Honda Cars India on the other hand lost the market share which declined from 5.44% in FY19 to 2.81% in FY22. But Nissan India gained some volumes after the launch of its Magnite SUV. Toyota Kirloskar has not moved above 4% in the Indian market since long.
The South Korean Hyundai, the second largest car maker in India, has levelled up its game from a decade ago. The carmaker is now teamed with the sibling Kia which marked its entry into the Indian market in 2019. Kia’s entry and Hyundai’s new product offerings have created a buzz and increased their share by 7% from 14.9% in FY12 to 21.9% in FY22. In the Pre-COVID FY19, it was at 16.19%, which later followed a growth trajectory to 20.6% in FY20 and 23.1% in FY21. However, in FY22, it was down to 21.9%.
Korean carmakers have their strength in technology and innovation. Since their focus on R&D is relatively better, they may come up with better model lineup, the industry veteran said.

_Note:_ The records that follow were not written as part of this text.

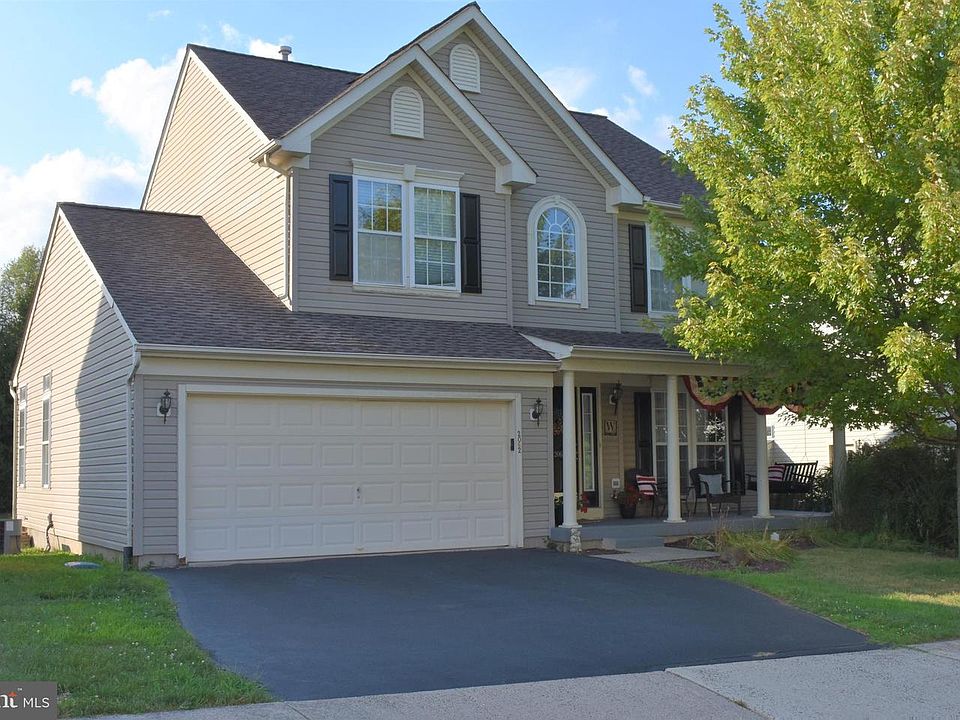 1st image of 2062 Huber Dr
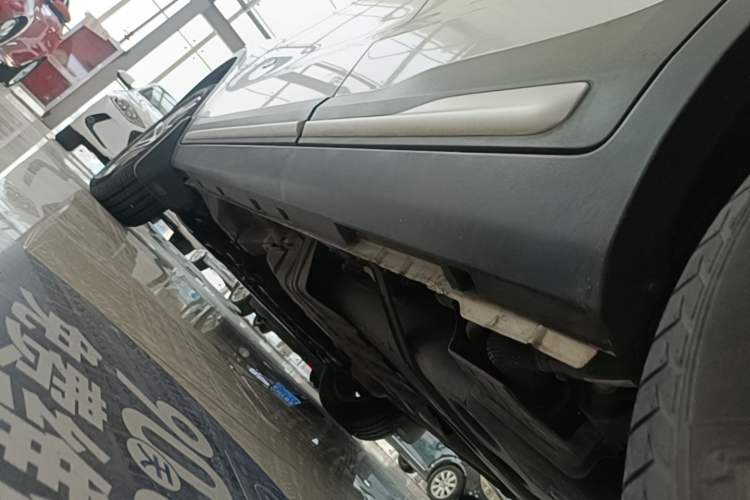 Used Geely Auto Emgrand X7 Sport 2018 1.8TD Automatic Two-Wheel Drive Smart Connect 4G Internet Edition Left Side Sill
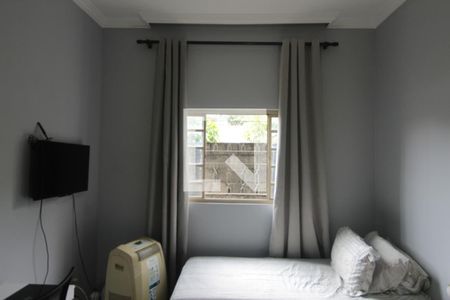 Quarto 1 de casa para alugar com 3 quartos, 239m² em Planalto, Belo Horizonte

European car makers comprising Volkswagen, Skoda and the newly formed Stellantis – a merger between FCA and PSA in January last 2021 – grew from 3.88% in FY19, to about 5.18% in FY20. In FY21, their market share was down to 4.76% and then to 3.545 in FY22. It was at 5.1% in FY12.
Chinese however have been a troubled lot. Back in 2019, there was a buzz surrounding the leading Chinese carmakers, ready to enter the Indian market. Automakers like Great Wall Motors, Changan Automobiles, Geely Automobile, BYD were all set to foray into the cost effective and brimming SUV market. However, only the SAIC-owned MG Motor crossed the border in 2019.
Great Wall Motors, China’s largest SUV maker, has seen its plans facing regulatory hurdles. The maker of Haval SUV had committed close to USD 1 billion for the Indian market.
Meanwhile, the American OEMs were completely washed out. By the end of 2017, General Motors stopped selling cars in India after 21 years of operations in the country. In last September, the other American carmaker, Ford Motor Company, also stopped its Indian manufacturing operations.
Together they grabbed a pie of about 7.8% in FY12 and it got down to 2.75% in FY19. Then only Ford was in the Indian market. Thereafter, it was reduced to nil.